É este mundo de medo e de condomínios que arruina a segurança física e mental de todos. Medo do vizinho que menos pode, medo do estrangeiro que connosco se cruza na rua sem em nós sequer reparar, medo do continente mais a sul, mais a leste ou a  ocidente, onde se trabalha para uma improvável perdição dos nossos.

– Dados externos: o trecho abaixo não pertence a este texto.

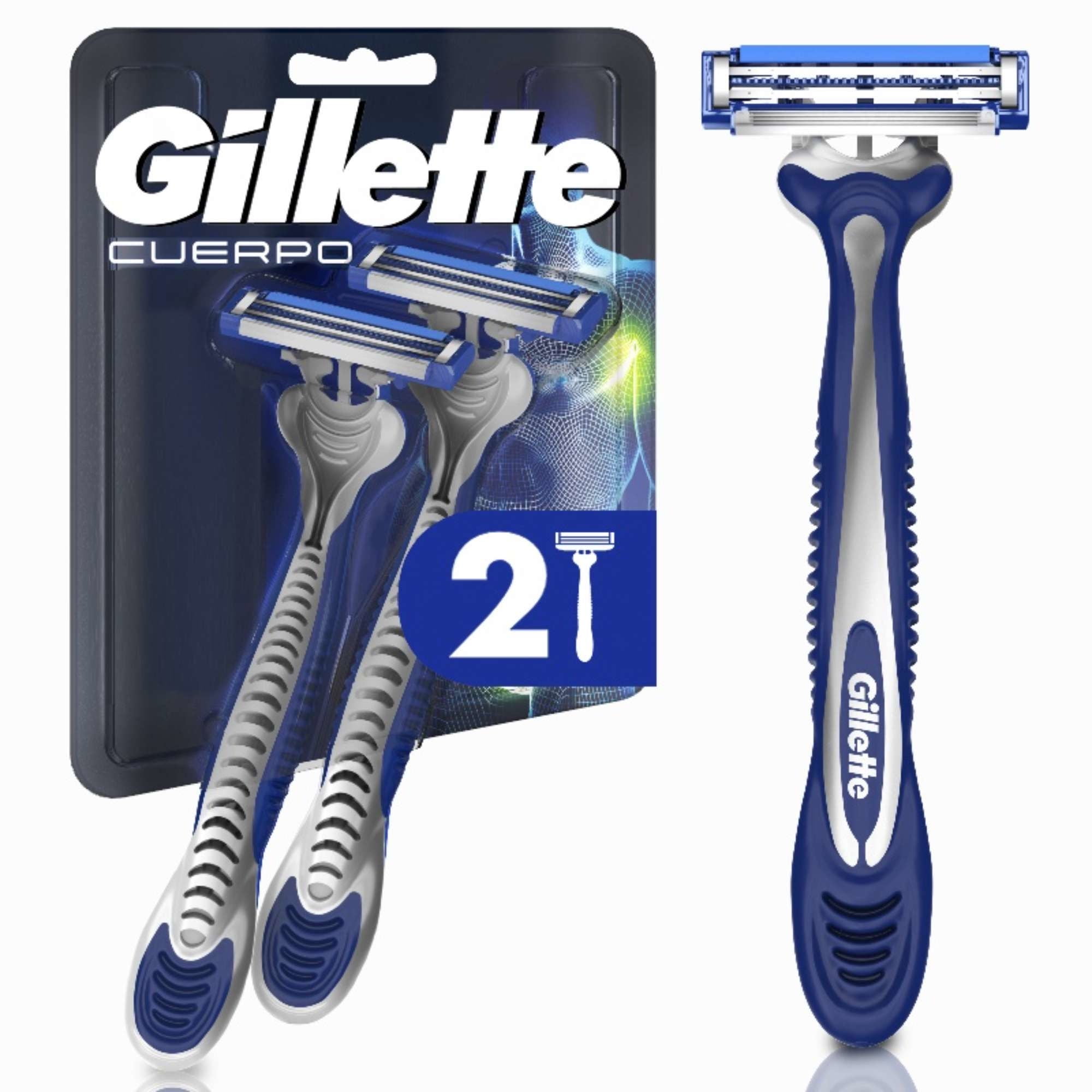 Máquina De Afeitar Desechables Para El Cuerpo 2 Un Gillette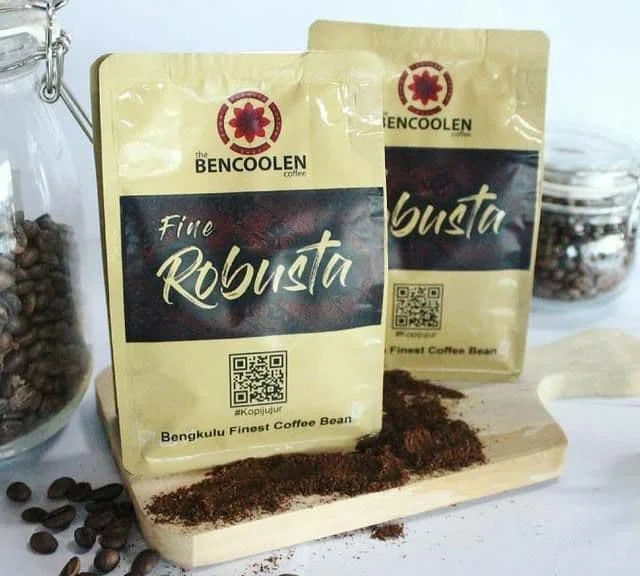 
Specialty Coffee Fine Robusta Bengkulu Packaging 200gr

O simples exercício de um quarto de hora de zapping televisivo, demonstra-nos a fragilidade de todo um sistema perfeitamente virtual e logicamente dispensável. Uma breve visita ao canal Bloomberg ou à CNBC,  consiste num quase paranóico exercício de masoquismo, pois a linguagem cifrada da especulação mais chã e despudorada, evidencia-se na interminável passagem de cifras, siglas, onde uma multiplicidade de termos ininteligíveis procuram conformar aquilo que para a quase totalidade dos cidadãos é absolutamente inexplicável. Consiste num mundo de fantasia alicerçada no éter das suposições de uma economia que não encontra correspondência material na realidade visível. Os serviços – ou aquilo que se imagina existir como tal -, ocupam plenamente o espaço outrora reservado aos golpes de génio de cientistas e estudiosos que mediante aturado labor, nos deram mais tempo de vida, conforto e democracia no consumo acessível para aqueles que jamais conheceram algo mais que a miserável farpela que os protegia do frio, ou a malga de sopa e o bocado de pão que enganava a fome. Longe vão os tempos dos titãs da indústria e da finança. Onde estão os Krupp, os Thyssen, os Vanderbilt, Hearst ou Citroën? Onde param as portentosas realizações sociais daquelas empresas que dentro dos seus muros incluiam creches, hospitais, escolas técnicas, primárias e laboratórios de pesquisa onde o mais humilde podia ambicionar a glória da ascensão pela simples manifestação do talento? Onde estão os herdeiros dos Luíses XIV ou Joões V que  imortalizaram na pedra os sonhos de grandeza e nos proporcionam aquilo que orgulhosamente exibimos como a nossa cultura? Onde estão aqueles Alfredos da Silva que construíram impérios, arrancaram milhares à gleba ancestral e impeliram ao estudo várias gerações que nos deram o mundo moderno de que desfrutamos despreocupadamente e de forma tão ingrata?

 

Este capitalismo dos nossos dias, não é o capitalismo do conceito que aprendemos e que muitos até reprovaram de forma violenta, acabando-o até por copiá-lo travestido de estatismo. É algo de profundamente nefasto, mesquinho e brutal no seu apetite de exploração. Trata-se de uma manipulação iconoclasta que não conhece nações nem fronteiras, que não respeita homens ou locais de trabalho e que para cúmulo da nossa previsível infelicidade, abre de par em par as até agora bem aferrolhadas portas do nosso mundo, possibilitando o ímpeto oportunista de novos comunismos ou aventureiros de ocasião, desta vez providos do ensinamento da História e dos impiedosos recursos tecnológicos que farão sentir o esmagador peso de uma inaudita opressão. É isto o que o futuro parece reservar à totalidade das nações e países, mas teremos ainda a possibilidade de o esconjurar?